Ele estava pobremente vestido, como todos os outros meninos, mas não falava no dialeto de Cockney.1 Se era um moleque de rua, como todos seus outros companheiros eram, ele tinha algo diferente de alguma maneira. Aí, por acaso, ele viu Marco, que estava em pé na entrada da passagem de baixo da arcada.

― O que você está fazendo aí escutando? ― ele gritou, e de repente pegou uma pedra e atirou nele. A pedra bateu no ombro do Marco, mas não doeu tanto. O que Marco não gostou foi o fato de um outro menino querer jogar algo nele antes mesmo de conversarem. Ele também não gostou que dois outros meninos prontamente aproveitaram a oportunidade e abaixaram para pegar mais pedras.

Marco andou para frente diretamente para o grupo de meninos e parou perto do corcunda. ― Por que você fez isso? ― ele perguntou na sua voz jovem e grossa.

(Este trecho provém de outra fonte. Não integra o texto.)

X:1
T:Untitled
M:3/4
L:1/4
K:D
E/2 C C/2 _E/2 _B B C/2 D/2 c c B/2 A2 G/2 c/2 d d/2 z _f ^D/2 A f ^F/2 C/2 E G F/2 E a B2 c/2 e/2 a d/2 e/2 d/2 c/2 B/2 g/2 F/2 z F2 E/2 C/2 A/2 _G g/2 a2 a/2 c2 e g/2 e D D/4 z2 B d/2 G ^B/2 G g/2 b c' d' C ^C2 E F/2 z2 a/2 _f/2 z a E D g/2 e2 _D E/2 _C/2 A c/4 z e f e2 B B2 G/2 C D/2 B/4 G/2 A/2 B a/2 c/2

Marco era grande e forte o suficiente para propor que não era um menino que poderia ser facilmente descartado. Mas não foi isso que fez o grupo ficar parado com olhos arregalados para ele. Era algo dentro dele — parte era um pouco de uma falta de algo como irritação pela pedra que foi jogada. Era como se não se importasse nem um pouquinho. Não fez ele ficar irado ou ofendido. Estava somente um pouco curioso sobre o que aconteceu. Visto que estava limpo e seu cabelo e roupas velhas estavam esfregadas, a primeira impressão que foi dada da sua aparência ao ficar de pé na entrada da passagem era que ele era um “filhinho de papai”2 metendo seu nariz onde não era chamado; mas ao se aproximar, os meninos viram que as roupas bem esfregadas eram gastas e calçava sapatos gastos e remendados.

― Por que você fez isso? ― ele perguntou, e fez essa pergunta meramente como se quisesse saber a razão.

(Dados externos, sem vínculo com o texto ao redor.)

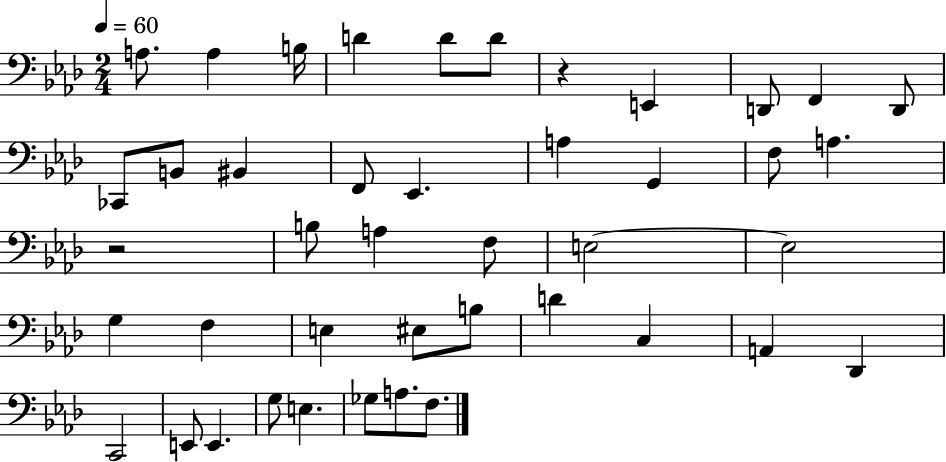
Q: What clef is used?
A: bass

― Eu não vou ter vocês grã-finos entrando no meu clube como se fosse um de nós ― o corcunda falou.

― Não sou um grã-fino e nem sabia que aqui era um clube ― Marco respondeu. ― Ouvi meninos e pensei que poderia vim para ver. Quando ouvi vocês lendo sobre Samávia, queria ouvir também. ― Ele olhou para o que estava lendo com uma expressão silenciosa nos seus olhos. ― Você não precisava jogar uma pedra ― ele adicionou. ― Não vejo os adultos agindo dessa maneira. Vou ir embora então.

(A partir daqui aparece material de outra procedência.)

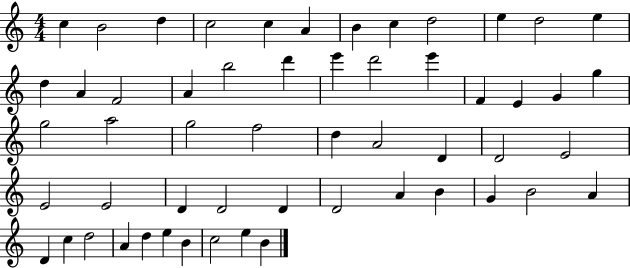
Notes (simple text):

C5/q B4/h D5/q C5/h C5/q A4/q B4/q C5/q D5/h E5/q D5/h E5/q D5/q A4/q F4/h A4/q B5/h D6/q E6/q D6/h E6/q F4/q E4/q G4/q G5/q G5/h A5/h G5/h F5/h D5/q A4/h D4/q D4/h E4/h E4/h E4/h D4/q D4/h D4/q D4/h A4/q B4/q G4/q B4/h A4/q D4/q C5/q D5/h A4/q D5/q E5/q B4/q C5/h E5/q B4/q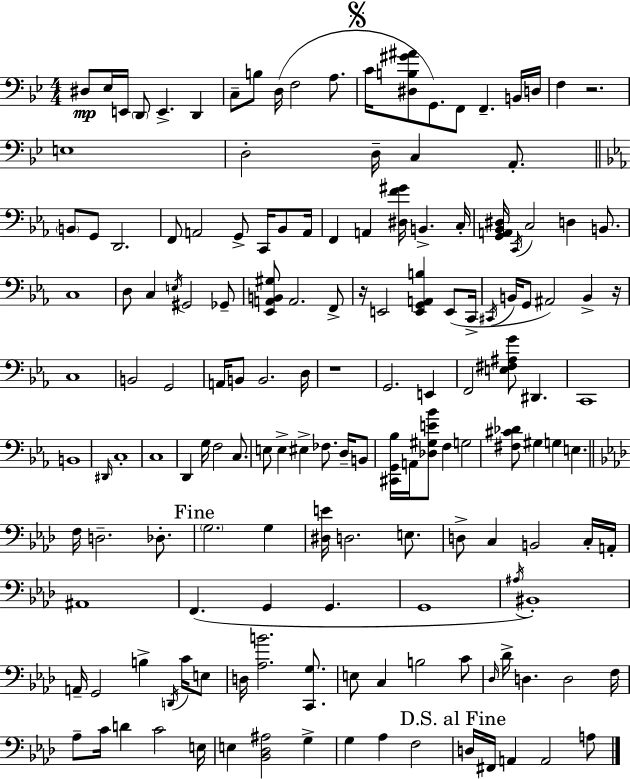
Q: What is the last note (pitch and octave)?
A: A3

Ele virou como se fosse embora, mas, antes de ter tomado três passos, o corcunda informalmente o chamou. ― Hei! ― Ele gritou. ― Hei, você!

― O que você quer? ― Marco falou.

― Aposto que você não sabe onde Samávia é localizada ou porque eles estão lutando ¬― o corcunda jogou as palavras a ele.

― Sim, eu conheço. Ela é localizada ao norte de Beltrazo e leste de Jiardásia e estão lutando porque um partido assassinou o Rei Maran e o outro partido não vai deixá-los coroar Nicola Iarovitch. E porque devem? Nicola é um salteador e não tem um pingo de sangue real nele.

― Ah! ― o corcunda admitiu com relutância. ― Você conhece tudo isso, então? Volta aqui.

Marco voltou enquanto os meninos ainda ficavam de olhos arregalados. Era como se dois líderes ou generais estivessem se encontrando pela primeira vez e esse grupo de meninos de rua, olhando, imaginavam no que resultaria esse encontro.

― Os samavianos do partido Iarovitch são mal e só querem coisas ruins. ― Marco falou primeiro. ― Eles não se importam com Samávia. Só querem dinheiro e o poder para fazer leis que vão servir a eles mesmos e esmagar todos os outros. Eles sabem que Nicola é um homem fraco, e que, se conseguirem coroá-lo como rei, poderão convencê-lo a fazer o que eles gostam.

Pelo fato de ter começado, mesmo que tenha falado numa voz firme de menino sem gabolice, pensou que, de alguma maneira, certamente iriam ouvi-lo. Isso deu-lhe um lugar imediatamente. Meninos são criaturas impressionáveis e sabem quem é um líder quando veem um. O corcunda fixou seus olhos brilhantes nele. O grupo começou a murmurar.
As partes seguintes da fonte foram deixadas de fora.